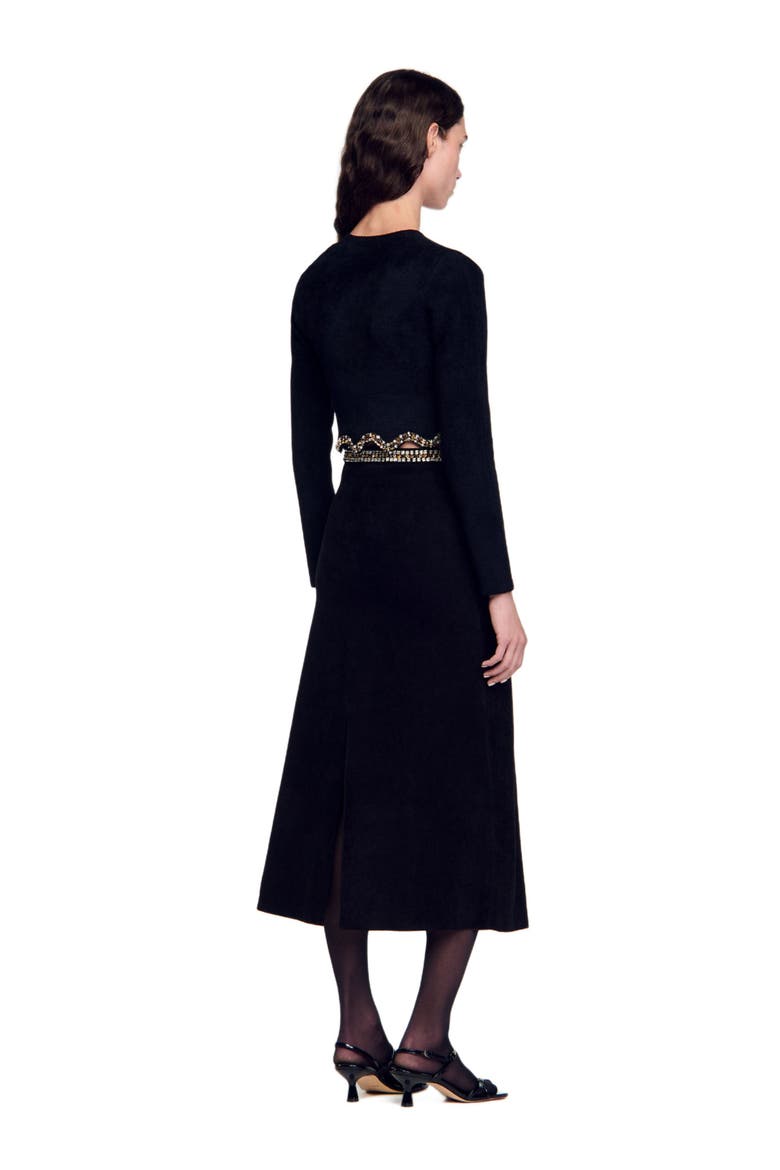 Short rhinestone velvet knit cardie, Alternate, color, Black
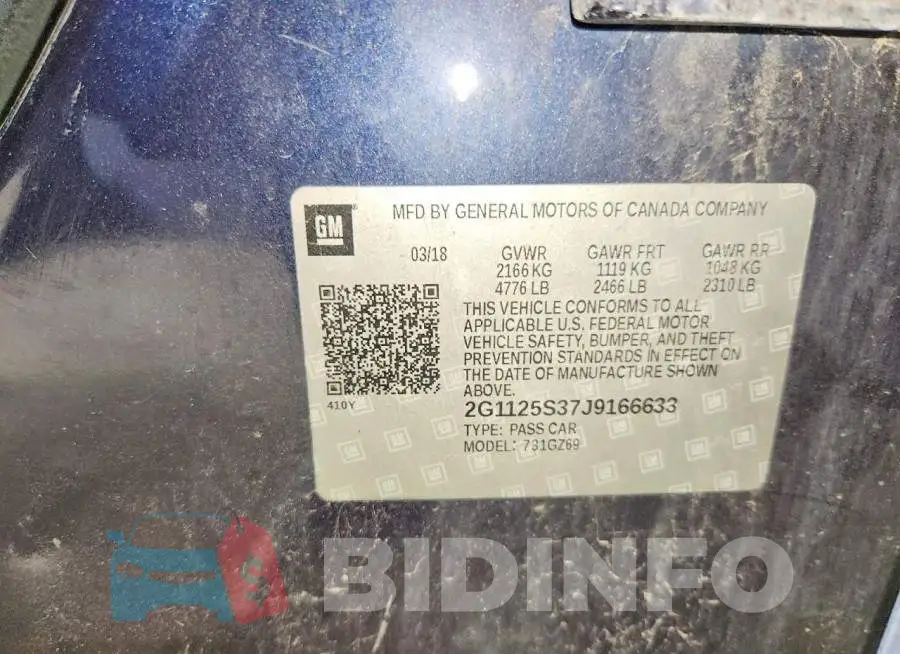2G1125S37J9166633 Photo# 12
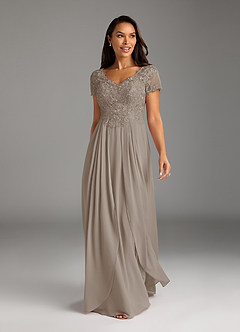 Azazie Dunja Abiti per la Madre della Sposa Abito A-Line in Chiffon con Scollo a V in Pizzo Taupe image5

--

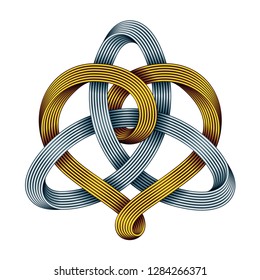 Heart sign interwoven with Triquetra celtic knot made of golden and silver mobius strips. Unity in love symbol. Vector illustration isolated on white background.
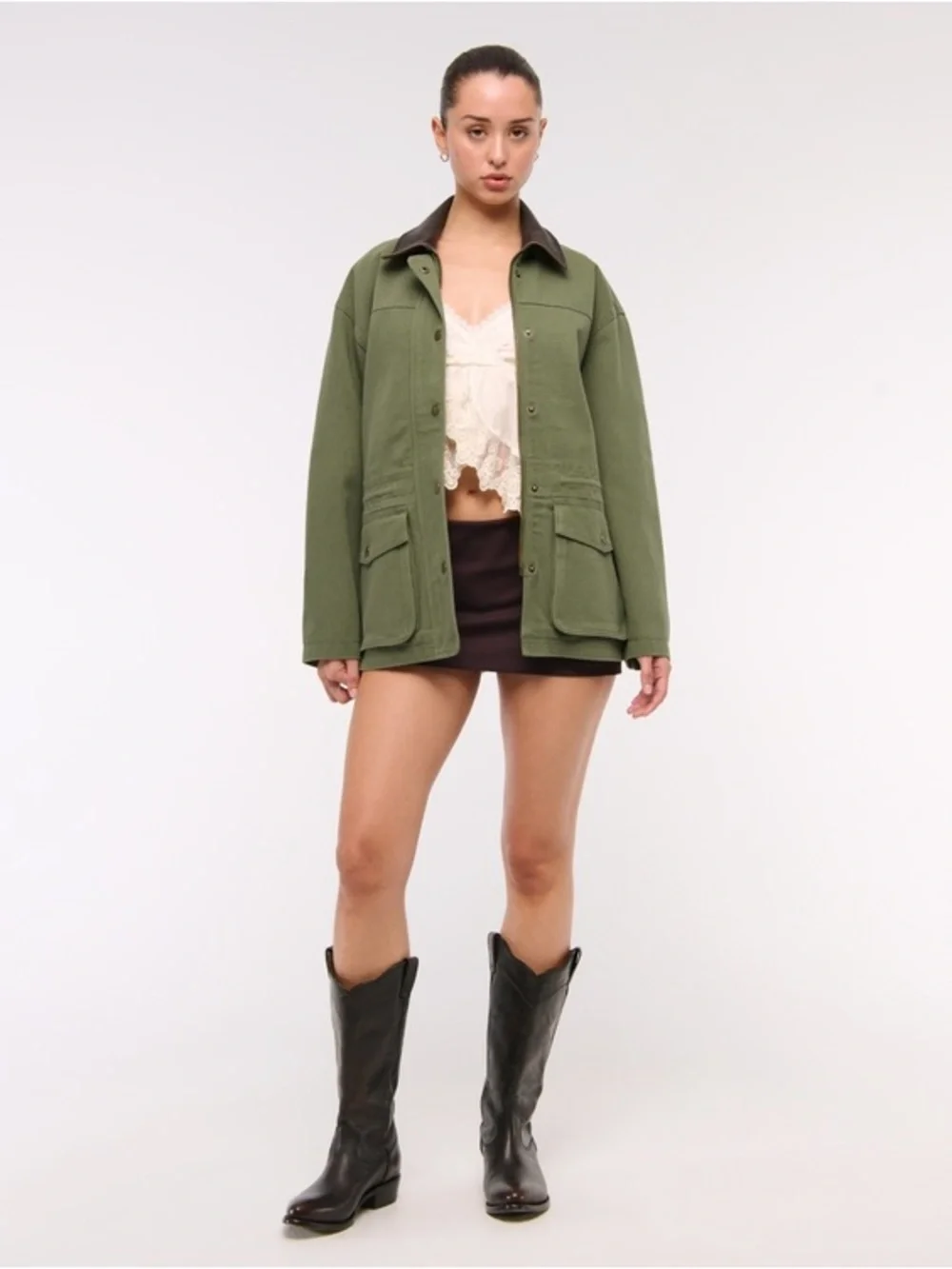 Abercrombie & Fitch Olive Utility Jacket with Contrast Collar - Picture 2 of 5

_Your instructions_
Look above for the line with "Heart sign interwoven" and the line with "Abercrombie & Fitch". Output those two and everything between them exactly, pictures excluded.

_Response box_
 Heart sign interwoven with Triquetra celtic knot made of golden and silver mobius strips. Unity in love symbol. Vector illustration isolated on white background.
 Abercrombie & Fitch Olive Utility Jacket with Contrast Collar - Picture 2 of 5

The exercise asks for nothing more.